23 November 2011 at 8:34 GMT
Italy’s problems, which are very large, have been well-known for ages. Italy is virtually too big to save - albeit there are no quick fixes to its problems; see our
previous theme on PIIGS exposure.
Default risks for major Italian banks at all-time high
In the last month credit default swap (CDS) prices on Unicredit and Intesa Sanpaolo (Intesa) (two major Italian banks) have risen by more than 50 percent (see chart 1). The cost of day to day funding is likely to be the main driver behind the valuation of these large Italian banks going forward. All in all it will be a rough winter for the Italian banking sector!
What might be a serious issue is the risk of mistrust towards the Italian Government's ability to fulfill its obligations as guarantor of deposits. Are bank clients able to consider their deposits as being safe with Italian banks? As the sovereign funding situation worsens the greater the funding costs become for Italian banks. A bank is unable to have a better rating than the country's acting lender of last resort – so there will be a rub-off.
Back to the deposit guarantee – if trust diminishes we could easily see an “old fashioned” run on the banks. Greece experienced this to some extent recently. Will the European Central Bank have to step in to ensure that Italy's banks have ample liquidity?
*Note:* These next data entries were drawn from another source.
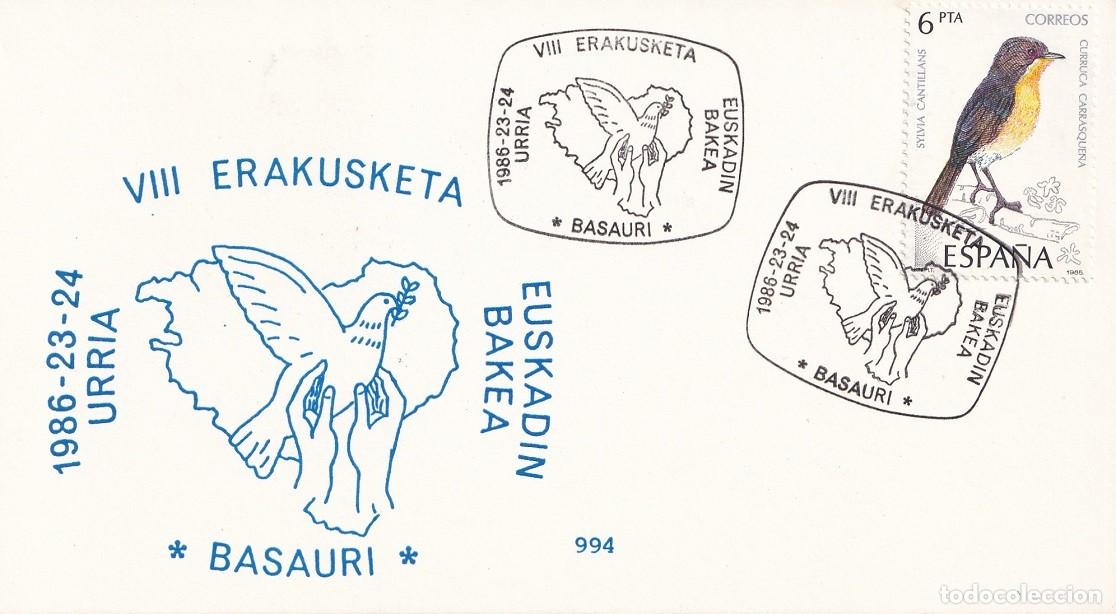 Sellos: Tarjeta Basauri 1986 Urria - VIII Erakusketa Euskadin Bakea - Matasellos especiales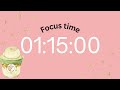 1 Hour 15 Minute Timer 75 Minute Countdown Timer Cute Pink Matcha Aesthetic Ending Alarm 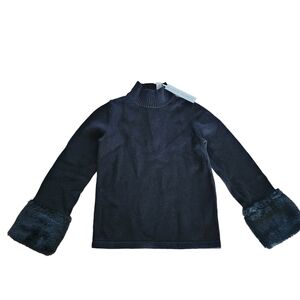 Janie And Jack Kid's Faux Fur Cuff Sweater -5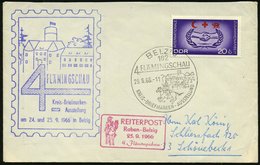 1966 (25.9.) 182 BELZIG, Sonderstempel: 4. FLÄMINGSCHAU.. (= Postreiter U. Burg Eisenhart) + Roter Nebenstempel: REITERP - Sonstige & Ohne Zuordnung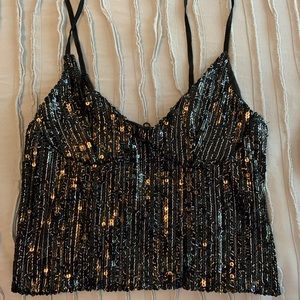 Zara bustier/corset style sequin crop top
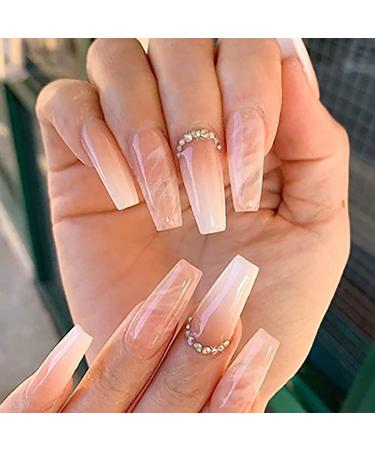 Brishow Coffin False Nails Long Fake Nails Nude Press on Nails Ballerina Acrylic Stick on Nails 24pcs for Women and Girls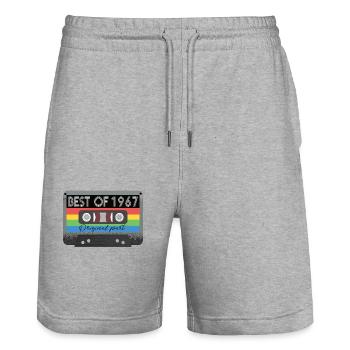 Le meilleur de 1967 Vintage Cassette Rétro Anniversaire - Short de jogging bio TRAINER Stanley/Stella unisexe - gris chiné - Devant - Nik (191cm) & Marisol (170cm)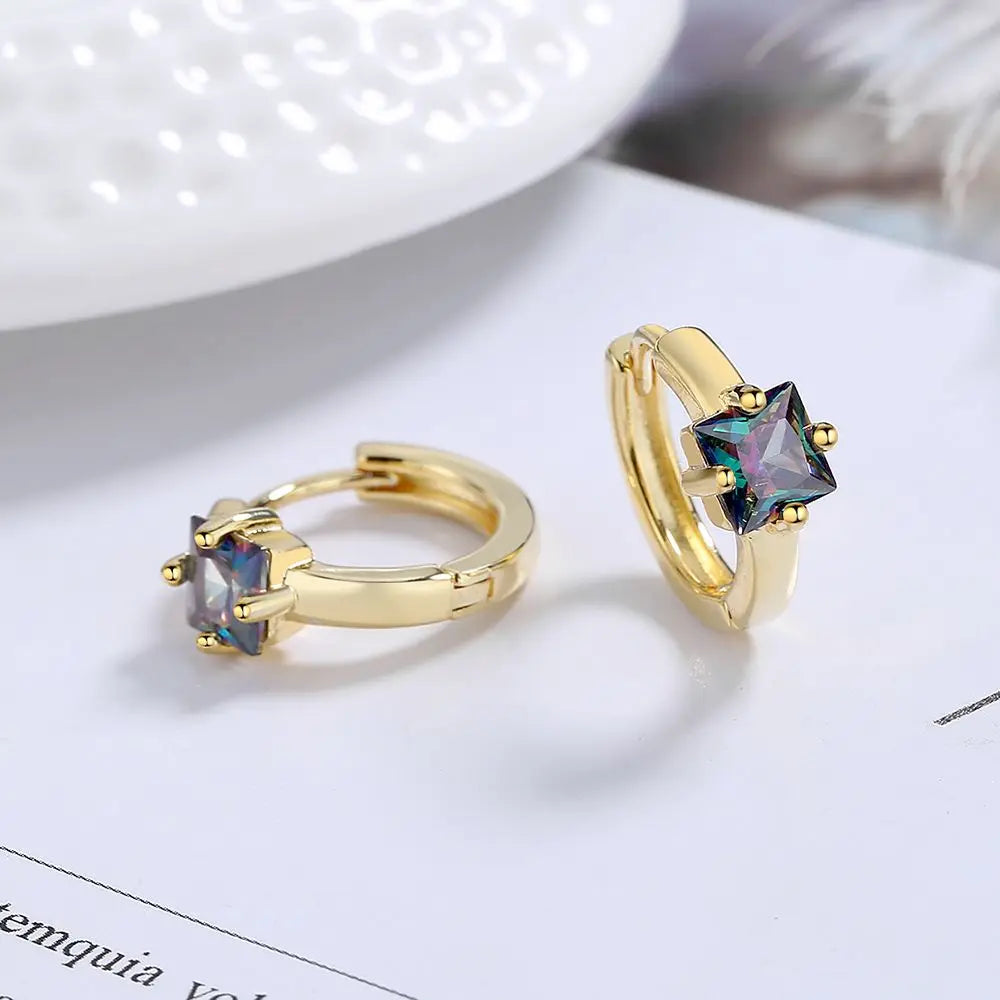 925 Silver Square Zircon Stud Earrings | Classic Geometric Jewelry for Women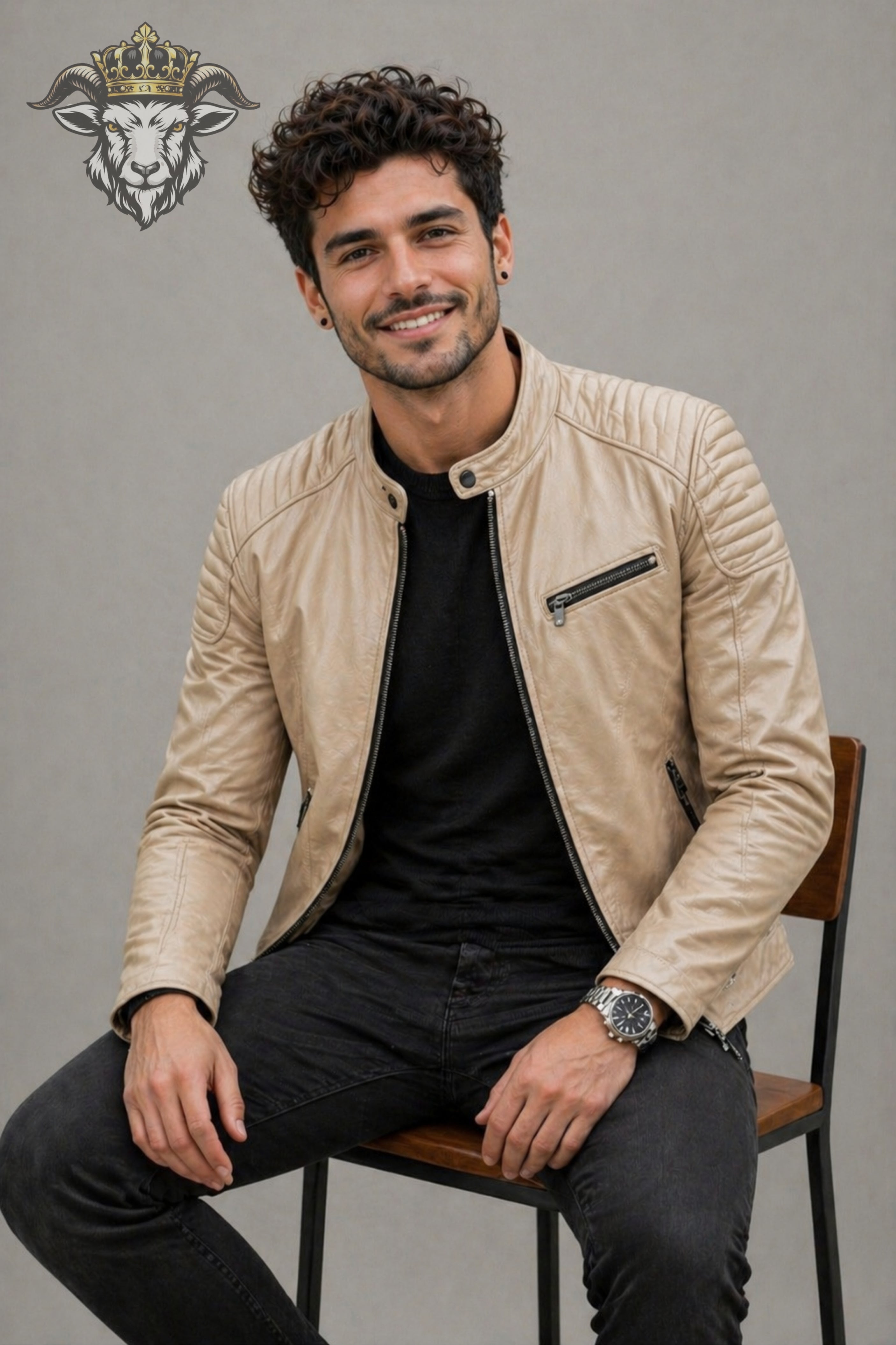Men’s Beige Real Leather Roadster Jacket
Overall this is the one of the haywire scenarios currently plaguing the European financial market.
Funding is key and is reflected in valuations
Previously Unicredit has stated it faces Euro 38bn in maturing bonds (the greatest amount of all major European banks) and Intesa said it is looking to refinance Euro 23bn (see chart 2). This will undoubtedly be very expensive due to higher yields which thereby will strike a major blow to the respective banks' core earnings for 2012 and onwards. This concern combined with the risk of the additional need for rights issues have been reflected in the banks' valuations (see chart 3). Basically, Italian banks are not expected to generate enough return to support the cost of equity, making a rights issue a great value destroyer, particularly if repeated capital increases are needed. Furthermore, the valuations indicate that either investors distrust the value of the assets carried by the banks or they believe that the liabilities are underestimated.
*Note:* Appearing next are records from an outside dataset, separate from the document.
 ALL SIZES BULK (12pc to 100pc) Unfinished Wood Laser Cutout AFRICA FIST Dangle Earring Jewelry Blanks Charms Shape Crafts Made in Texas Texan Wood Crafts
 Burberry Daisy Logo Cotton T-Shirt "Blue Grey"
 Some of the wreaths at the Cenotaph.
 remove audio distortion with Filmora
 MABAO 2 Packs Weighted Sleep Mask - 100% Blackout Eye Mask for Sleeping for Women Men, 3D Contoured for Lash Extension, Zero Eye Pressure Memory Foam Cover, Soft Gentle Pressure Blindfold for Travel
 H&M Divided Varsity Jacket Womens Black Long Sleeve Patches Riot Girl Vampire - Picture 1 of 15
Unicredit announced a rights issue of Euro 7.5bn last week (~50% dilution) and just a couple of hours later in its Q3 report declared a goodwill depreciation of Euro 8.7bn, i.e. the net negative effect being Euro 1.2bn with its after-tax loss amounting to Euro 10.6bn.
Slow recovery – if any!
The fundamental dynamics of both Italian banking giants point to a slow and risky recovery (see table 1). To keep the core banking earnings healthy both players need to cut costs to become leaner and more efficient. It will be imperative for these banks to avoid loan growth with resultant increasing funding deficits, i.e. increasing the difference between loans and deposits. Analysts estimate Intesa Sanpaolo will strengthen its funding situation during the next three years whereas Unicredit will be even more exposed to the rage of the credit market (see charts 4 and 5). Furthermore, Unicredit stands out as having a more complex structure with large commitments in Central and Eastern Europe.